Native compression, delta updates for thread replies, and efficient binary encoding for SMTP.

Problem Statement

SMTP is inefficient: - Base64 encoding adds 33% overhead - No compression (email threads repeat quoted content) - Binary attachments bloated - No deduplication for forwarded messages

Goals

  1. Native SMTP compression (gzip/brotli)
  2. Delta encoding for thread replies (only send new content)
  3. Deduplication for attachments and forwarded messages
  4. Backward compatible with legacy MTAs

Proposed Solutions

1. SMTP Extension: COMPRESS

EHLO msgs.global
250-msgs.global
250-SIZE 52428800
250-COMPRESS GZIP BROTLI
250 HELP

COMPRESS BROTLI
220 Compression active

[All subsequent SMTP commands/data compressed]

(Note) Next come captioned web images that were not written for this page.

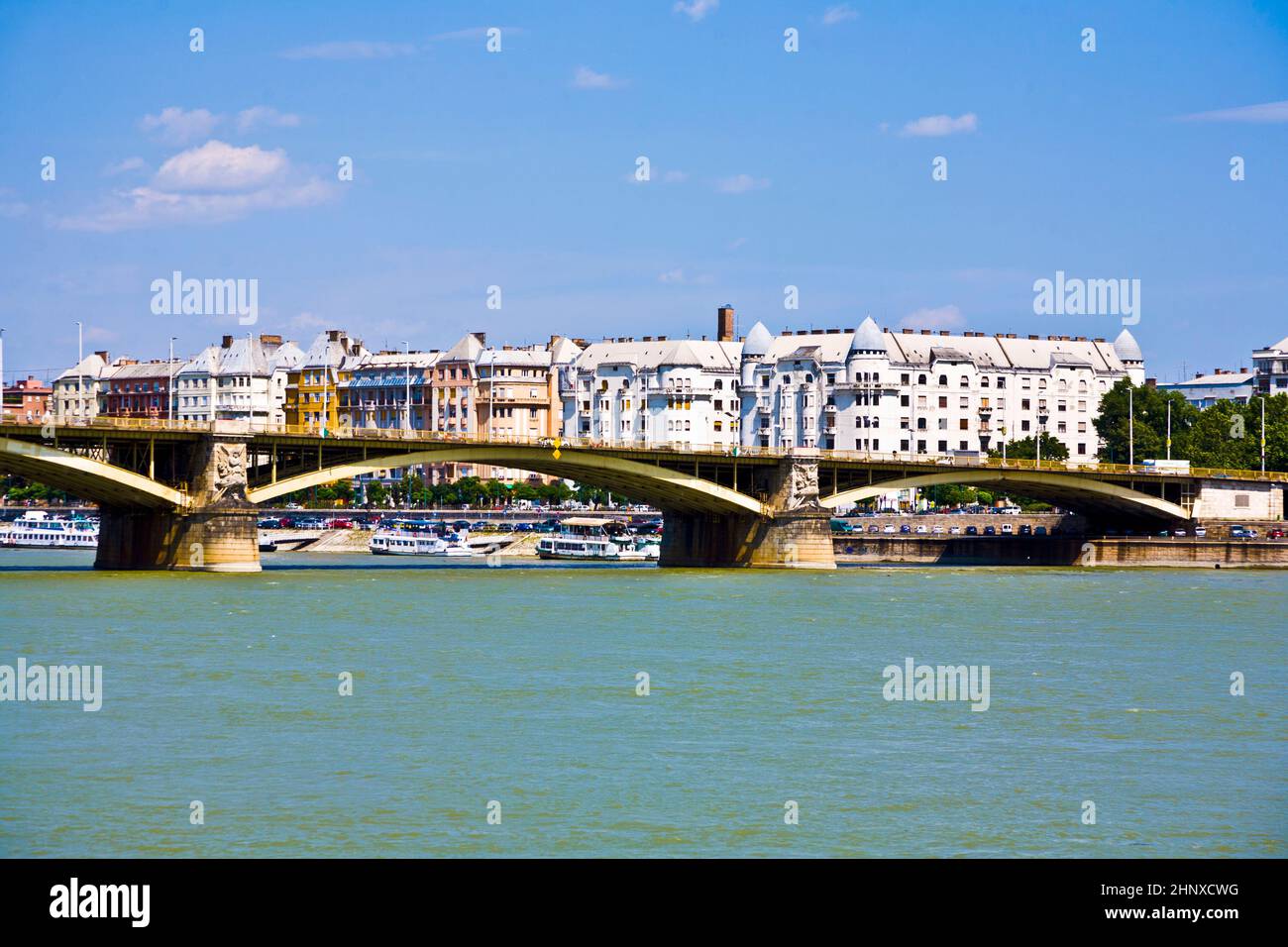 Pont Margrit hid à Budapest sur le Danube. Banque D'Images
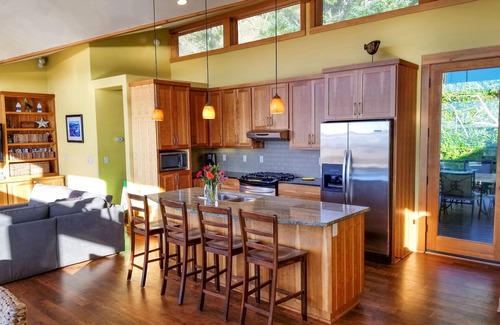 Happy Camp Hideaway House | Modern Oceanview Home with Hot Tub Just Steps from Beach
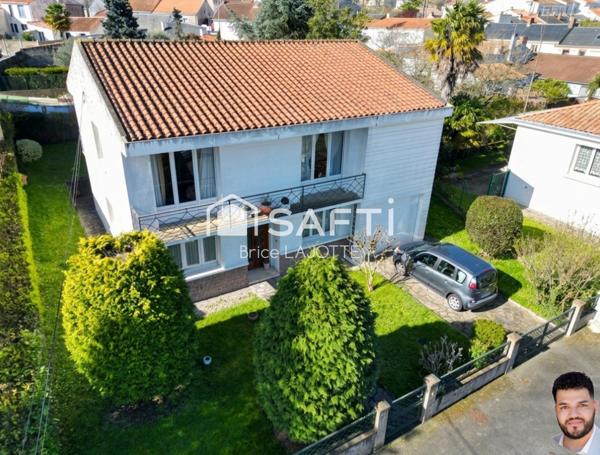 Vaste demeure de 9 pièces avec jardin clos et double balcon en plein cœur de la ville.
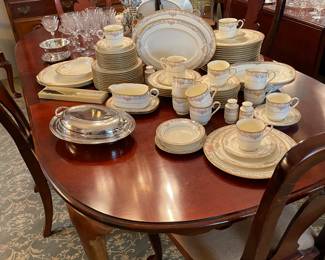 Crescent Furniture Co Cherry table with 2 leaves and 6 chairs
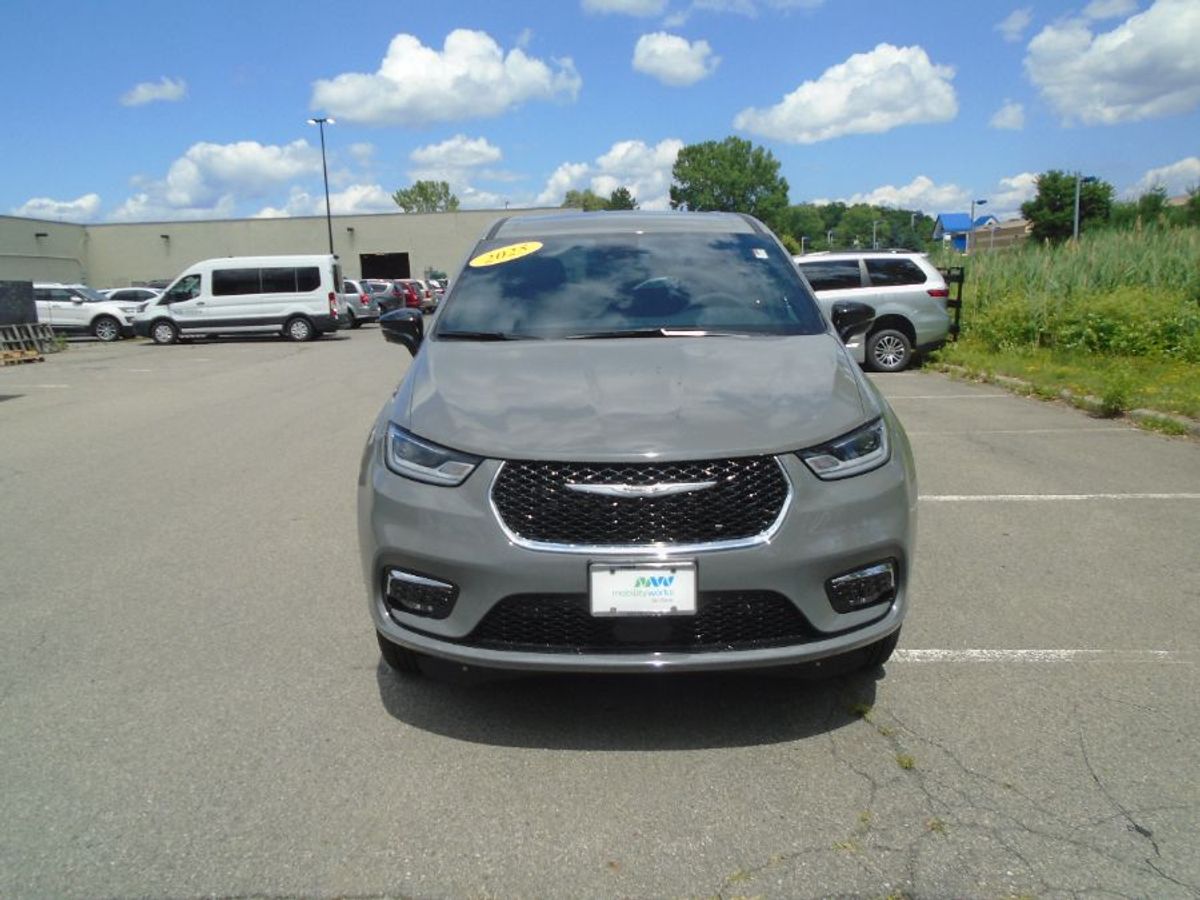 2025 Chrysler Pacifica Select's photo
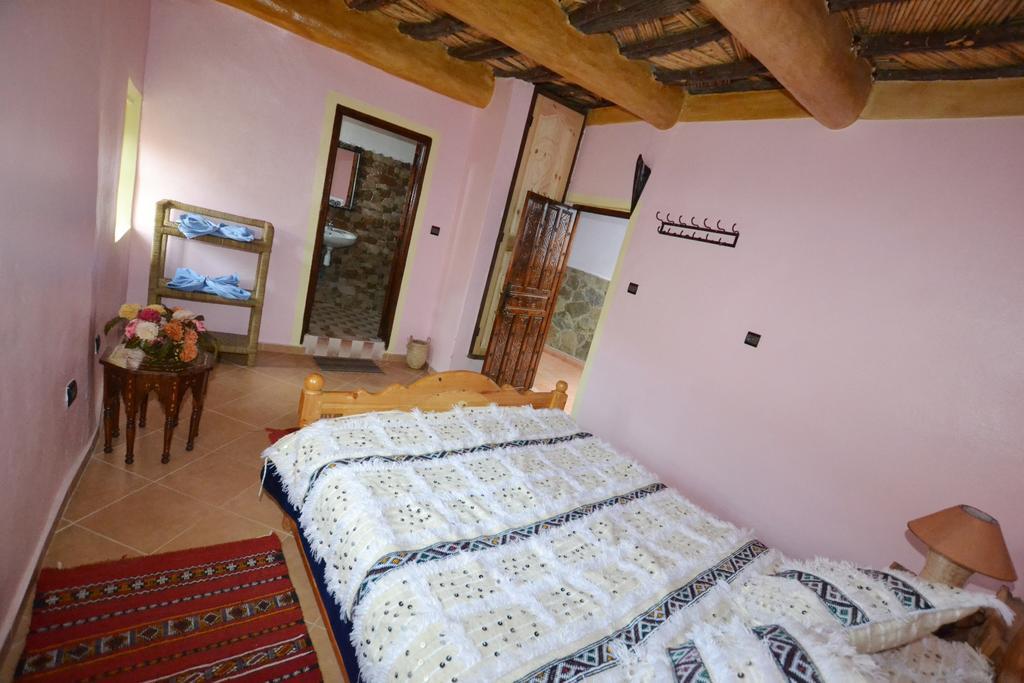 Tizourgane Kasbah Hotell Tiguissas Rom bilde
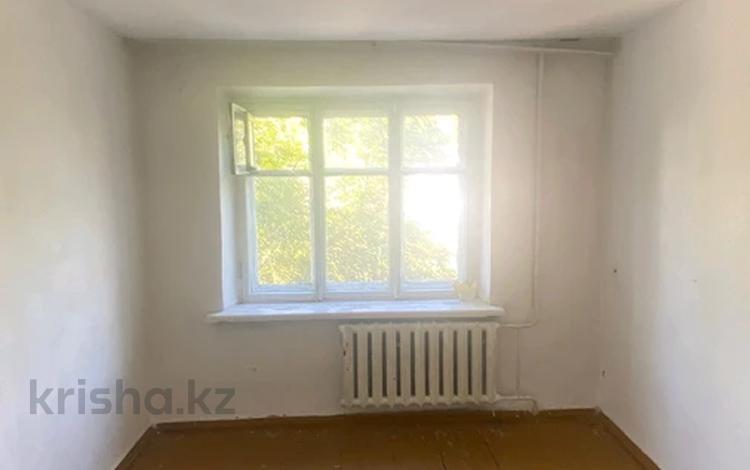 3-комнатная квартира · 55 м² · 3/5 этаж, Мкр. Жетысу 28 за ~ 13.8 млн ₸ в Талдыкоргане, военный городок Улан — фото 2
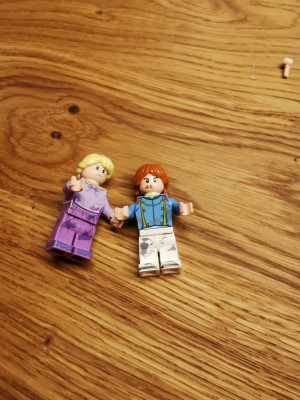 09 Figuren vorne.jpg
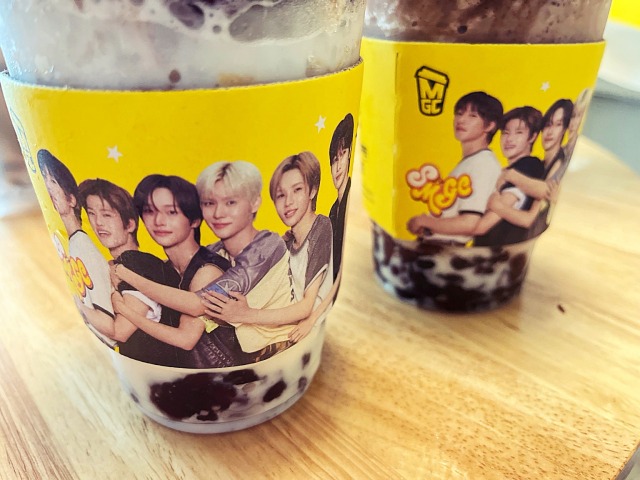NCT WISHとの限定コラボカップホルダー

2. Delta Encoding for Threads

X-Thread-Delta: true
X-Thread-Base-Message-ID: <original@msgs.global>
Content-Transfer-Encoding: delta

[Only new content, not quoted text]

3. Attachment Deduplication

Content-Disposition: attachment; filename="report.pdf"
Content-SHA256: abc123...
Content-Location: https://msgs.global/attachments/abc123

[If recipient already has this hash, skip transfer]

Expected Savings

Content Type Current Size Optimized Size Savings
Text thread (10 messages) 500 KB 120 KB 76%
Forwarded message 100 KB 5 KB 95%
Attachment (duplicate) 2 MB 50 bytes 99.9%
Average email 150 KB 60 KB 60%

Integration with msgs.global

Postfix

  • SMTP compression plugin
  • Attachment deduplication database
  • Delta encoder for common thread patterns

Storage

  • Content-addressed storage (hash-based)
  • Shared attachment pool
  • Reference counting

API

POST /api/v1/messages/optimize - Analyze optimization potential
GET  /api/v1/stats/bandwidth   - Bandwidth savings dashboard

Challenges

  • Backward compatibility (fallback to uncompressed)
  • CPU overhead for compression
  • Storage for deduplication database
  • Thread detection accuracy

Status

📋 Research Phase

Next Steps

  1. Benchmark compression ratios on real email corpus
  2. Prototype SMTP COMPRESS extension
  3. Design attachment deduplication schema
  4. Measure CPU vs bandwidth tradeoff